- [Work to be completed]:
The response should be the records below, repeated exactly, with each picture left out.

- [Recorded information]:
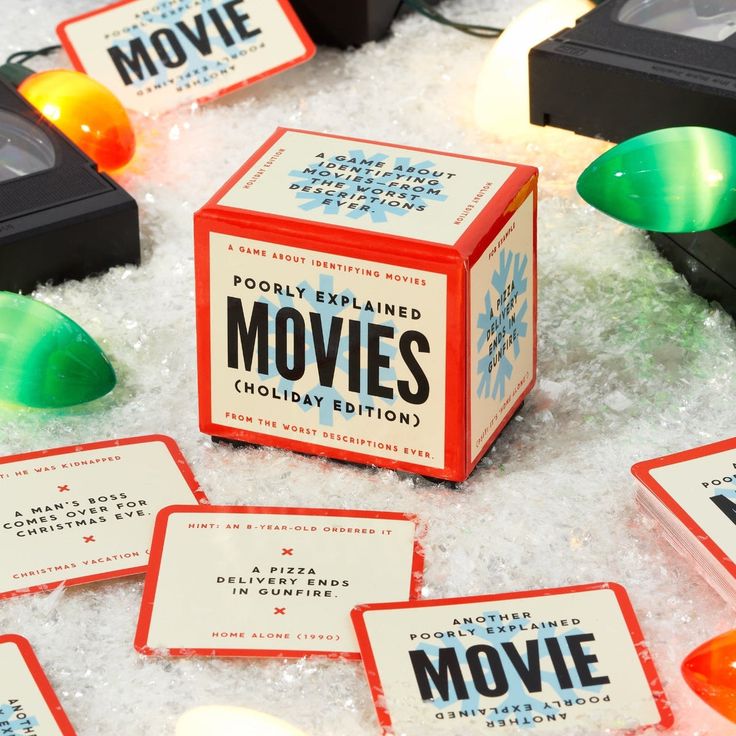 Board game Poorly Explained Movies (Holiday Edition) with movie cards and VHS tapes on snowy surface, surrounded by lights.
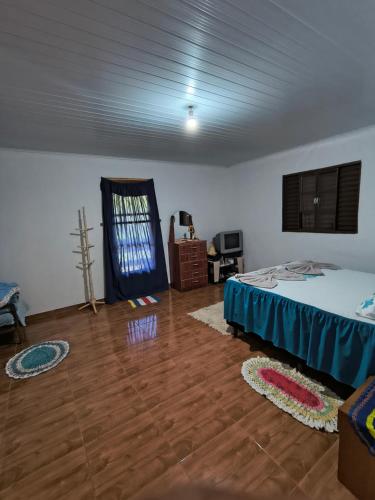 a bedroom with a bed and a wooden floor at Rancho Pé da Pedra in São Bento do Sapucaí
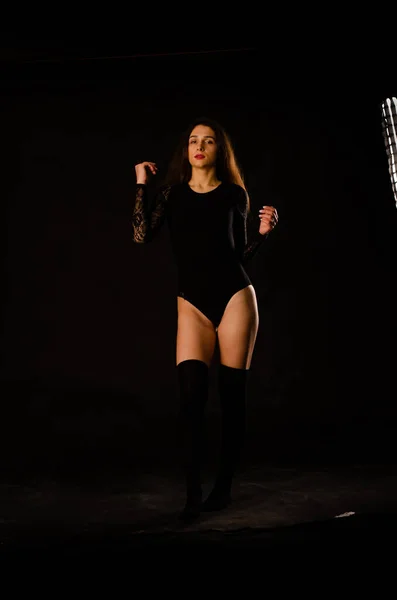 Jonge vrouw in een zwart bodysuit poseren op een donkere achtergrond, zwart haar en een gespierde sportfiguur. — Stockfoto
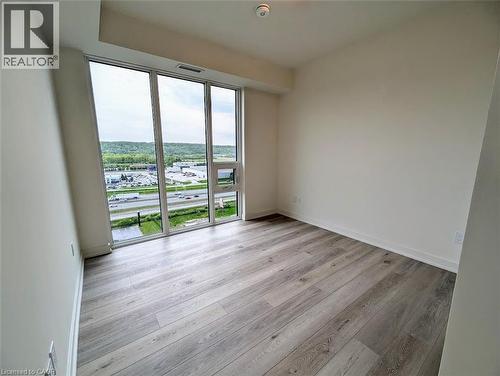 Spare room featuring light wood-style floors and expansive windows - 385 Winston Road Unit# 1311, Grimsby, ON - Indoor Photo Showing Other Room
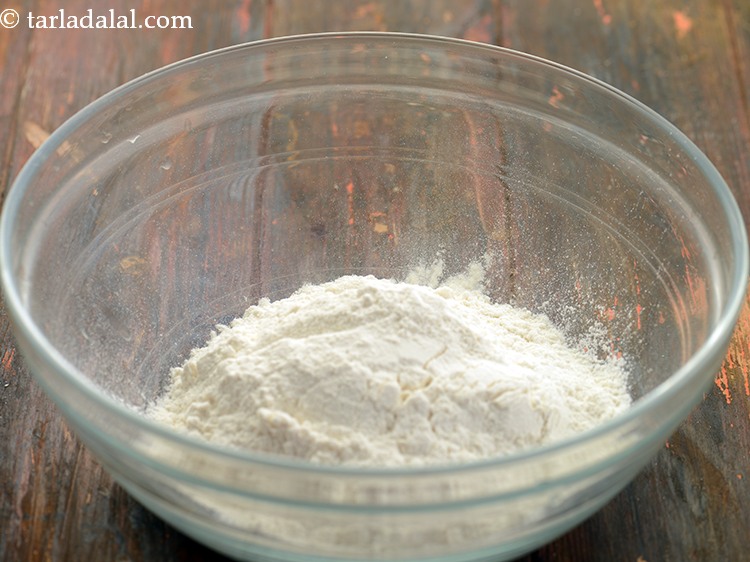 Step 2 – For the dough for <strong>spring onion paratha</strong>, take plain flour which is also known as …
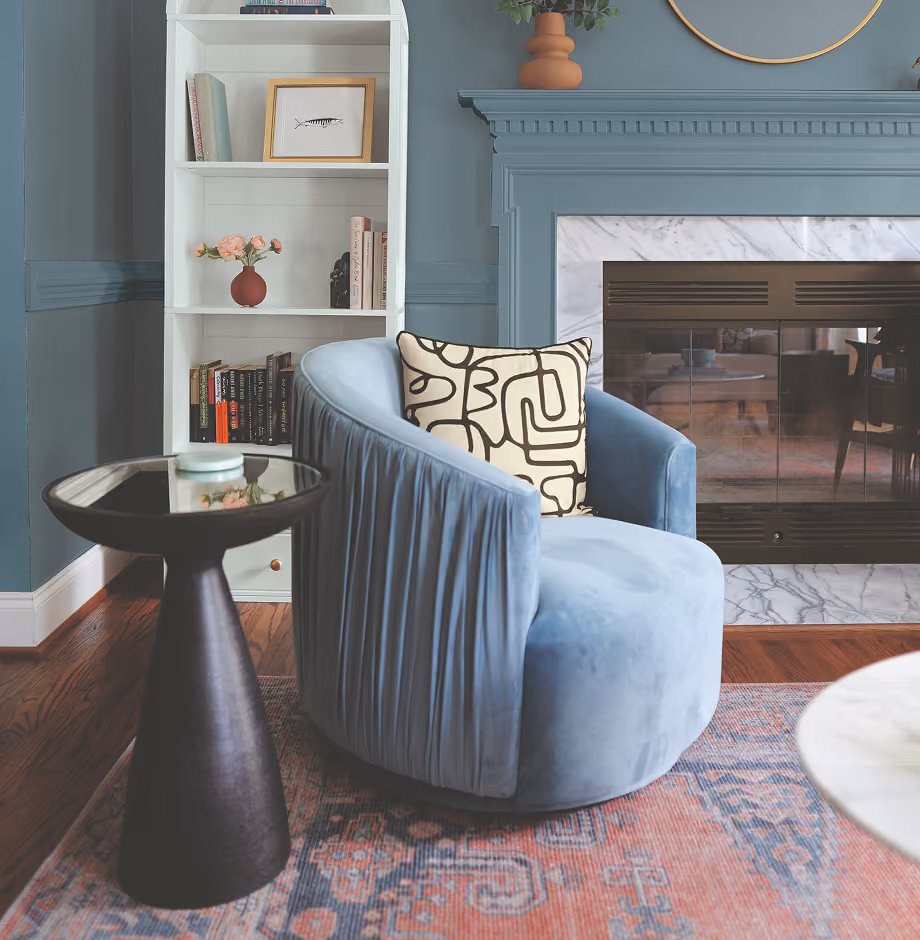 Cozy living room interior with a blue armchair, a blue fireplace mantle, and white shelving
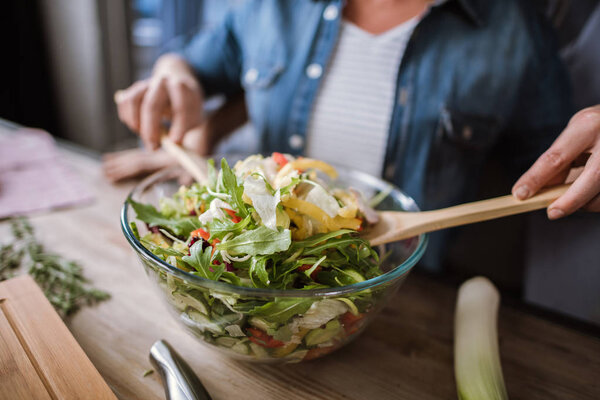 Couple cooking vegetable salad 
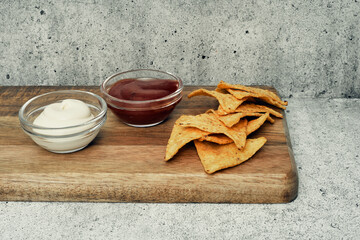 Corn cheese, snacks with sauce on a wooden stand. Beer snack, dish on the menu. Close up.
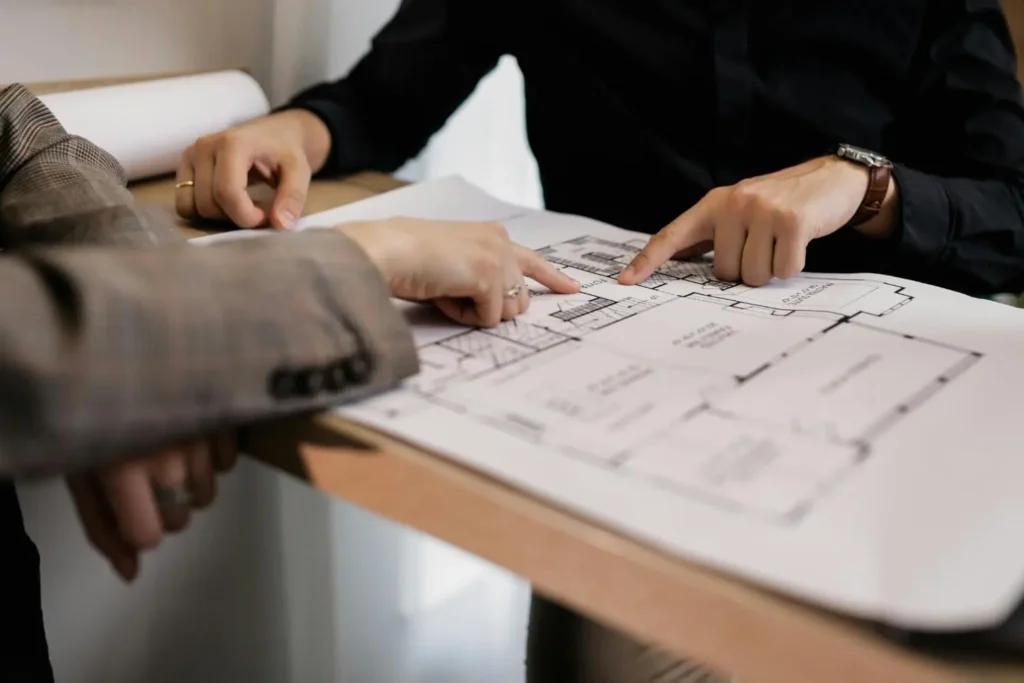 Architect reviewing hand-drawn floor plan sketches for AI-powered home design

- [Output for this exercise]:
 Board game Poorly Explained Movies (Holiday Edition) with movie cards and VHS tapes on snowy surface, surrounded by lights.
 a bedroom with a bed and a wooden floor at Rancho Pé da Pedra in São Bento do Sapucaí
 Jonge vrouw in een zwart bodysuit poseren op een donkere achtergrond, zwart haar en een gespierde sportfiguur. — Stockfoto
 Spare room featuring light wood-style floors and expansive windows - 385 Winston Road Unit# 1311, Grimsby, ON - Indoor Photo Showing Other Room
 Step 2 – For the dough for <strong>spring onion paratha</strong>, take plain flour which is also known as …
 Cozy living room interior with a blue armchair, a blue fireplace mantle, and white shelving
 Couple cooking vegetable salad 
 Corn cheese, snacks with sauce on a wooden stand. Beer snack, dish on the menu. Close up.
 Architect reviewing hand-drawn floor plan sketches for AI-powered home design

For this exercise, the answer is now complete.